I'm trying to scrape data from this website, using httr
and rvest
. After several times of scraping (around 90 - 100), the website will automatically transfer me to another url with captcha.
this is the normal url: "https://fs.lianjia.com/ershoufang/pg1"
this is the captcha url: "http://captcha.lianjia.com/?redirect=http%3A%2F%2Ffs.lianjia.com%2Fershoufang%2Fpg1"
When my spider comes accross captcha url, it will tell me to stop and solve it in browser. Then I solve it by hand in browser. But when I run the spider and send GET
request, the spider is still transferred to captcha url. Meanwhile in browser, everything goes normal, even I type in the captcha url, it will transfer me back to the normal url in browser.

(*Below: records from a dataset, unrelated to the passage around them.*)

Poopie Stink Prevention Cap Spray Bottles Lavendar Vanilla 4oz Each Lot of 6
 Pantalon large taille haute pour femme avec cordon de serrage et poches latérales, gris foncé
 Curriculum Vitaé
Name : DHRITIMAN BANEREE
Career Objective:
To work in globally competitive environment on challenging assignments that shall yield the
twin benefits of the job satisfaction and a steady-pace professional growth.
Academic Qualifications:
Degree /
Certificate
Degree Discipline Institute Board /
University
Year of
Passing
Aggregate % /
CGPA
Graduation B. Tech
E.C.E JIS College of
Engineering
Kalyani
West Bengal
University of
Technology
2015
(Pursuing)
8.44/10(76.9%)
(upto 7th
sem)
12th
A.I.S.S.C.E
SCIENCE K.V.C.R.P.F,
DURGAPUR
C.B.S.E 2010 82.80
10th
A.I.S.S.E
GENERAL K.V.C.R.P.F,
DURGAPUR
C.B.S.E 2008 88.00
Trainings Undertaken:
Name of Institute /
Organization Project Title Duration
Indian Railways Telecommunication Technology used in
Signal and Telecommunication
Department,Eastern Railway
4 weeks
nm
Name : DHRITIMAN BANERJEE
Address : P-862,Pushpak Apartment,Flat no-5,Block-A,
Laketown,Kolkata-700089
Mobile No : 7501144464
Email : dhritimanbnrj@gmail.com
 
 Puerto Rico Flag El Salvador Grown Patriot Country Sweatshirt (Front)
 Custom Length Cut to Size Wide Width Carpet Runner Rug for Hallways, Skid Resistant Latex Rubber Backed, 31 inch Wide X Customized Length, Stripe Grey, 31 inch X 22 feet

Even I use proxy, I still got the same problem. In browser, I can normally browse the website, while the spider kept being transferred to captcha url.
I was wondering,
- Is my way of using proxy correct?
- Why the spider keeps being transferred while browser doesn't. They are from the same IP.
Thanks.
This is my code:
a <- GET(url, use_proxy(proxy, port), timeout(10),
add_headers('User-Agent' = 'Mozilla/5.0 (Windows NT 10.0; Win64; x64) AppleWebKit/537.36 (KHTML, like Gecko) Chrome/60.0.3112.113 Safari/537.36',
'Connection' = 'keep-alive',
'Accept-Language' = 'en-GB,en;q=0.8,zh-CN;q=0.6,zh;q=0.4,en-US;q=0.2,fr;q=0.2,zh-TW;q=0.2',
'Accept-Encoding' = 'gzip, deflate, br',
'Host' = 'ajax.api.lianjia.com',
'Accept' = '*/*',
'Accept-Charset' = 'GBK,utf-8;q=0.7,*;q=0.3',
'Cache-Control' = 'max-age=0'))
b <- a %>% read_html %>% html_nodes('div.leftContent') %>% html_nodes('div.info.clear') %>%
html_nodes('div.title') %>% html_text()
Finally, I turned to RSelenium, it's slow but no more captchas. Even when it appears, I can directly solve it in the browser.